- [Exercise directions]:
Beneath this line sits some data. Return only its lines from the one holding "COLOYAN 9PCS Rosary" through the one holding "Cambro Contenitori per", inclusive, exactly, with the images removed.

- [Material supplied]:
------------

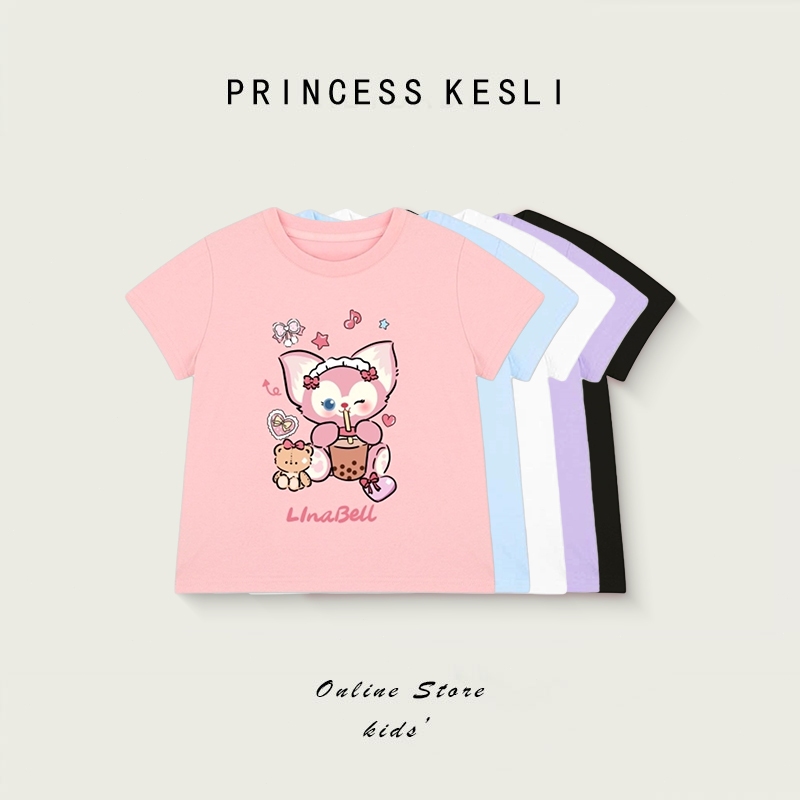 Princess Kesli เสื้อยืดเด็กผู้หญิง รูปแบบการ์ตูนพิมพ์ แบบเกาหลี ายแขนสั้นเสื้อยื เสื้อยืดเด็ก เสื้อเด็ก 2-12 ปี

------------

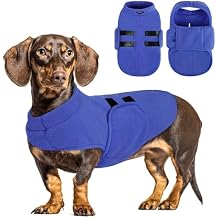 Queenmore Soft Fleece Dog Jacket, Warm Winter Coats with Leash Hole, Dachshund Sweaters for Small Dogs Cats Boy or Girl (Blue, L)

------------

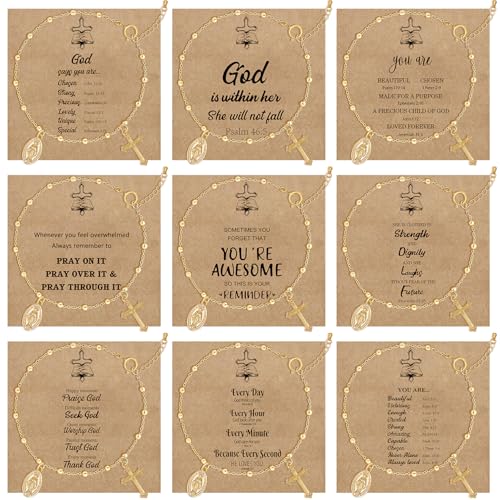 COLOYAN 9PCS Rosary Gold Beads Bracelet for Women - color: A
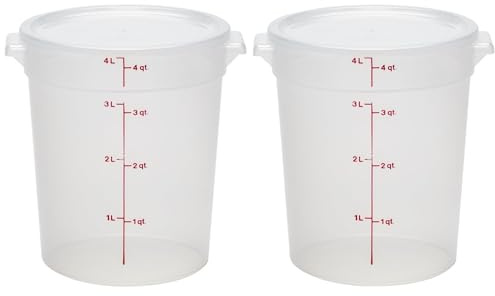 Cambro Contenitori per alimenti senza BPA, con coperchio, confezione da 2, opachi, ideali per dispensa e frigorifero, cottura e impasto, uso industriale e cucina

------------

- [Task result]:
 COLOYAN 9PCS Rosary Gold Beads Bracelet for Women - color: A
 Cambro Contenitori per alimenti senza BPA, con coperchio, confezione da 2, opachi, ideali per dispensa e frigorifero, cottura e impasto, uso industriale e cucina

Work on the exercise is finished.